*** Opening of Record excerpts ***

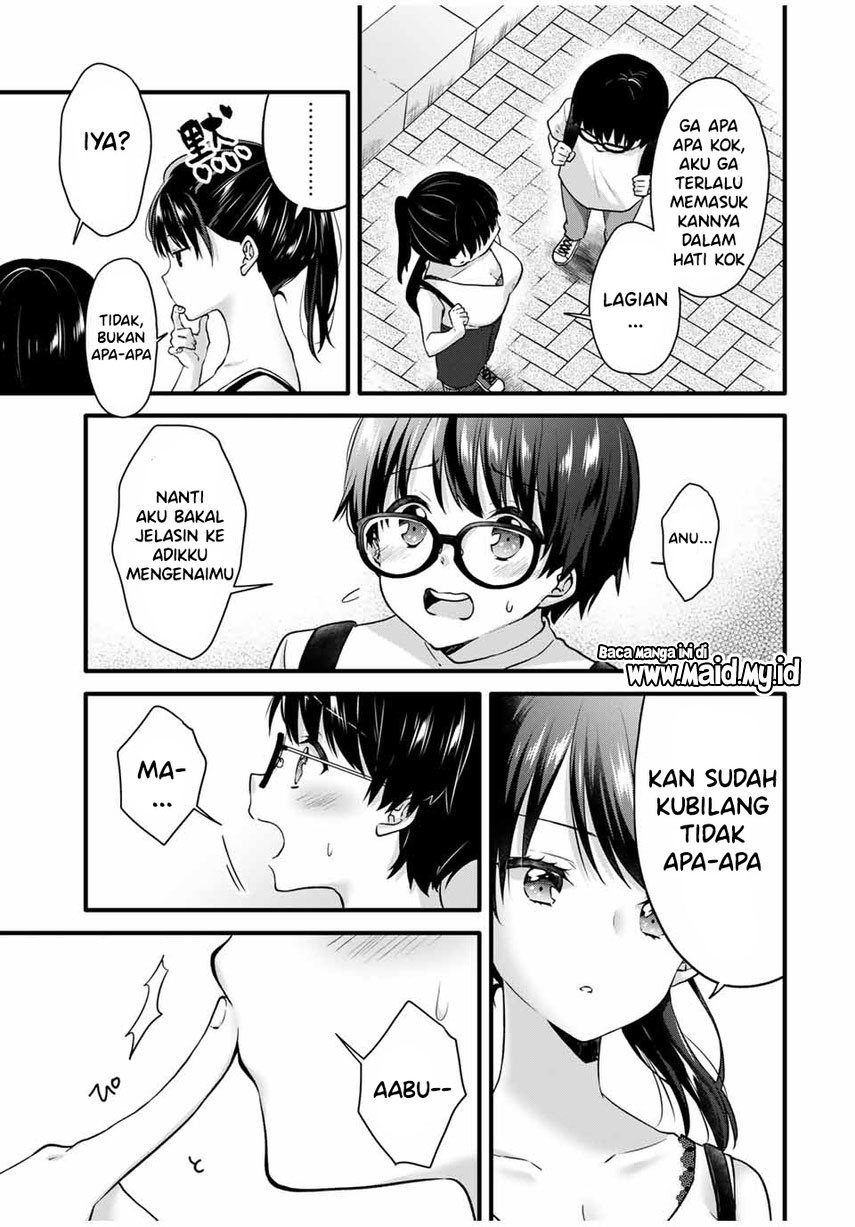 Ice Cream Kanojo Chapter 6 - halaman 13
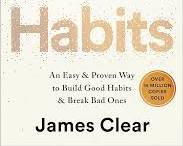 book Atomic Habits by James Clear resmi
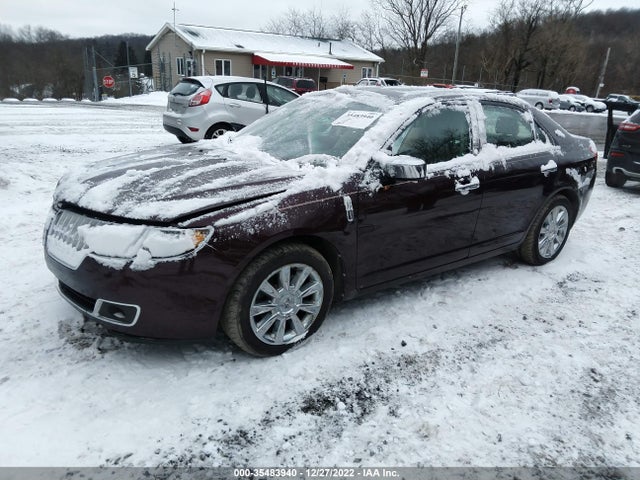 Lincoln MKZ 2012 3LNHL2JC7CR836208 Image 2
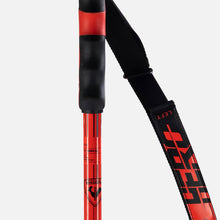 Kije narciarskie ROSSIGNOL HERO SL - czerwony
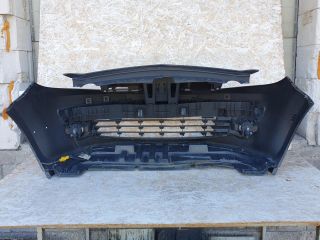 bontott RENAULT CLIO III Első Lökhárító (Részeivel)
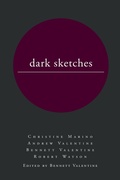 Cover: dark sketches - Xlibris Us
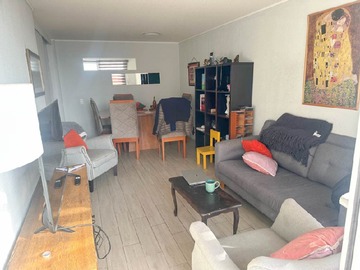 Departamento en venta en Cercano a heriberto covarrubias con irarrázaval, Ñuñoa - 3 dormitorios, 2 baños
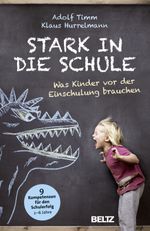 Stark in die Schule Cover des Buches Stark in die Schule (ISBN: 9783407859938)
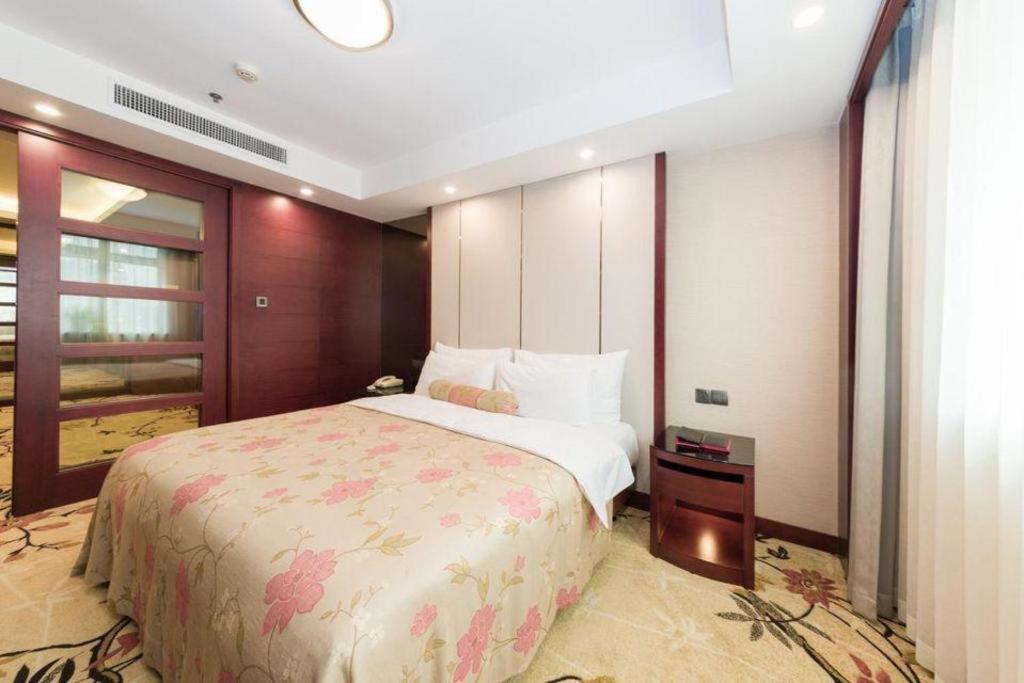 Dalian Liangyun Hotel Exterior foto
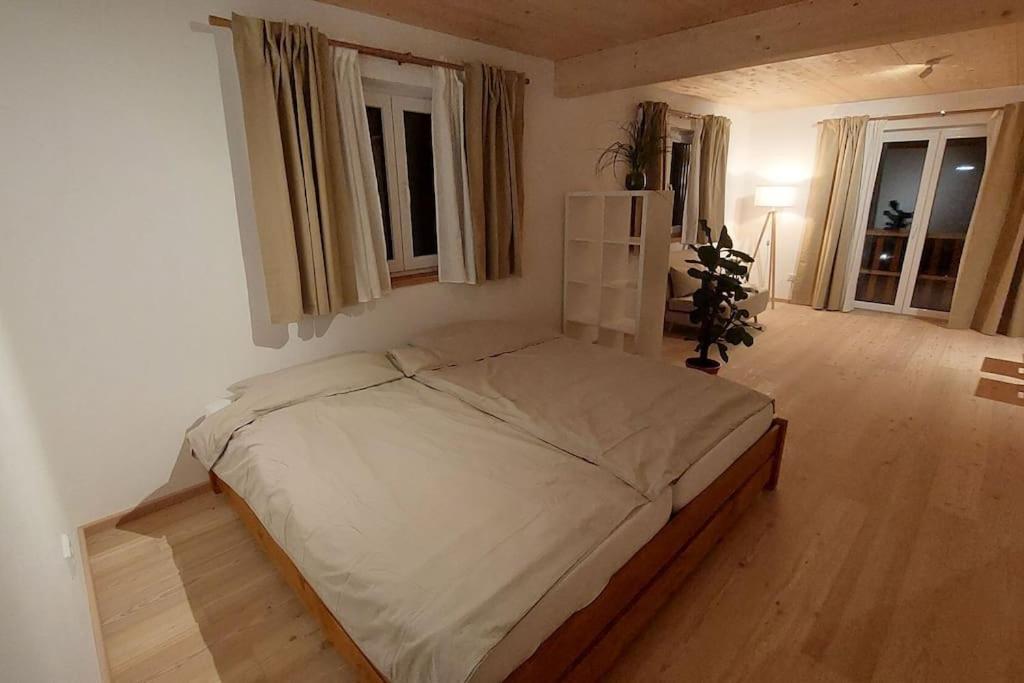 Ferienwohnung Stern Unterthingau ภายนอก รูปภาพ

*** Close of Record excerpts ***

- What to work on
All that is wanted is each line, word for word, from the first line of the data to the one holding "Cover: dark sketches - Xlibris Us", with the pictures left out.

- Answer box
 Ice Cream Kanojo Chapter 6 - halaman 13
 book Atomic Habits by James Clear resmi
 Lincoln MKZ 2012 3LNHL2JC7CR836208 Image 2
 Kije narciarskie ROSSIGNOL HERO SL - czerwony
 bontott RENAULT CLIO III Első Lökhárító (Részeivel)
 Cover: dark sketches - Xlibris Us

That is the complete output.